# opinions needed!



## talleyman01 (Jul 13, 2011)

My younger brother has the unfortunate problem of being a honda guy and he is shopping for a new bike. I have been trying to help him and it has brought me to a question about the hondas, is there any specific reason that everyone rides the rancher over the foreman other than price? I have done my research on the honda website and i can tell the obvious differences with the engine size and things of that nature but when i look on mimb alot of the hondas are all the ranchers and im curious to know why. I know that i am posting this in the kawi side but i see that lots of you guys have hondas also so thats why i asked here. any opnions are appricieated. He is deffinately trying to stay away from the rincon as a couple of guys that ride with us are extremly unhappy with their rincons. 
thanks


----------



## wolf_36 (Jul 7, 2010)

I don't know alot about honda , my son in law has a rancher which I pull out of the mud quite often and one of the guys that ride with us has a rincon :33: I pull that out of the mud alot also but the last foreman I saw was all time 4X4 don't know if they still are but if they are might be the reason


----------



## T DAWG (Jan 30, 2011)

well besides the price. it a beast!!!! man the rancher 420 or 350 will go any where the bigger ones will go, stronger, more dependable, and over all just a sound bike man. i have a 350 rancher its been the best bike ever. all my friends have ranchers also. im getting a 420 also.


----------



## T DAWG (Jan 30, 2011)

and no the when they changed the body style of the hondas. the all time 4wd went away. they made every bike bigger than the 350 selectable 2wd or 4wd. the 420 ranchers are the only ranchers they made selectable 2wd 4wd


----------



## BleednGreen68 (Apr 19, 2010)

The Electric shift Hondas are junk, we work on so many of those. One more electrical prob just waiting to happen. Very expensive to fix. Plus the hydro trannies are expensive to fix also. He needs a kawi bad! Ride Green!


----------



## T DAWG (Jan 30, 2011)

i agree with you that electric shift is junk. just one more thing to mess up when mud ridin. and i would only own a foot shift honda. but over all the 350s and 420s are bad ***.


----------



## Eastexasmudder (Nov 21, 2011)

Idk about the ranchers but my friend has a foreman 500 and I drag that thing around every time he rides with me.
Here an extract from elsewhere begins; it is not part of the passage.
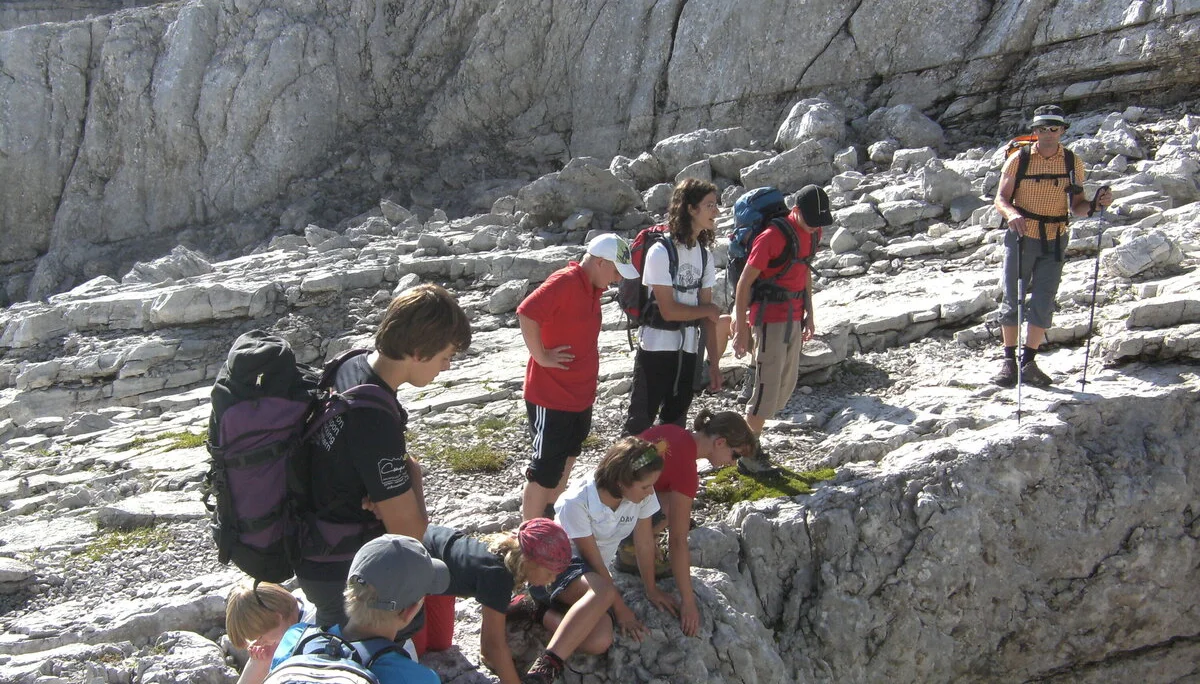 Beim Klettern in den Loferer Steinbergen | © Drexler Magarete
I pulled it out so much one day I broke my tow rope. The electric shift sucks. I did convert it to manual one day before we rode. He doesn't try to hit the bad stuff that I do. There might just be karma with him or something but I'm always pulling that Honda out. I rode with a 420 recently with 28's and it did awesome in my opinion


I'd rather be riding instead I'm using tapatalk!


----------



## T DAWG (Jan 30, 2011)

well like a said before the rancher is most def the best bike honda has ever made. and it really has a lot to with the driver and what their skills are.


----------



## talleyman01 (Jul 13, 2011)

Ok so if we stay with the manual shift has everyone had good luck with them? He has had a recon that has over 15000 miles on it and beat the hell out of every time it's brought out of the barn and that's the reason he wants to stay Honda which I can't say I blame him.


----------



## T DAWG (Jan 30, 2011)

yeah man stay foot shift. the majority of my friends have 350 and 420 ranchers and they are so easy to work on, and the are long lasting i have a 2005 350 and a 2007 420 never had a problem with them.


----------



## southernbrute750 (Jul 5, 2011)

I know the foot shifts also have a better gear ratio for turning larger tires


----------



## BleednGreen68 (Apr 19, 2010)

Yea, go with the simplest honda, and you will be fine. Our kawi dealership works on lots of hondas and I will tell you that most of the ones that come in are beat to death. Farmers dont really take care of their stuff, atleast around here. They look like crap but still run good. Honda makes great motors. The electric shift ones work great...........when their working. An atv just needs, hi, low, and reverse and a switchable 4x4 mode. Guess im just spoiled with my 750 green machine hehe. You can always count on the good ole brutes to pull ya out! My friends dont leave home without me! haha


----------



## T DAWG (Jan 30, 2011)

yeah foot shifts also have more power do to that gear ratio. my friend has an electric shif 420 and my 350 foot shift keeps up with it. but my foot shift 420 blows it away.


----------



## wcs61 (Jun 7, 2011)

My neice has a 420 manual shift and it goes places you won't believe being a completely stock bike with stock tires. Let's just say she is the chick to beat around the mud holes.


----------



## filthyredneck (Feb 10, 2010)

I agree...if it has to be a Honda then make it a manual shift 420. My little brother has a 2011 420 manual shift/manual 4wd SRA with a 2" lift, 27" s/w Laws, and snorks and he follows my brute pretty much everywhere....he does have to work harder than I do to go the same places, but that honda always pulls through. 
I asked him why he didn't get the IRS 420 and he said because he wanted a manual tranny...we both grew up on SRA footshift atv's so it's nothing new to him. But honestly from what I've seen, even the IRS 420 becomes a beast after you install a gear reduction. I know theres at least 1 on mimb that I remember seeing post and he also has some riding vids with a bunch of brutes.....he's turning 31 Laws like they are nothing.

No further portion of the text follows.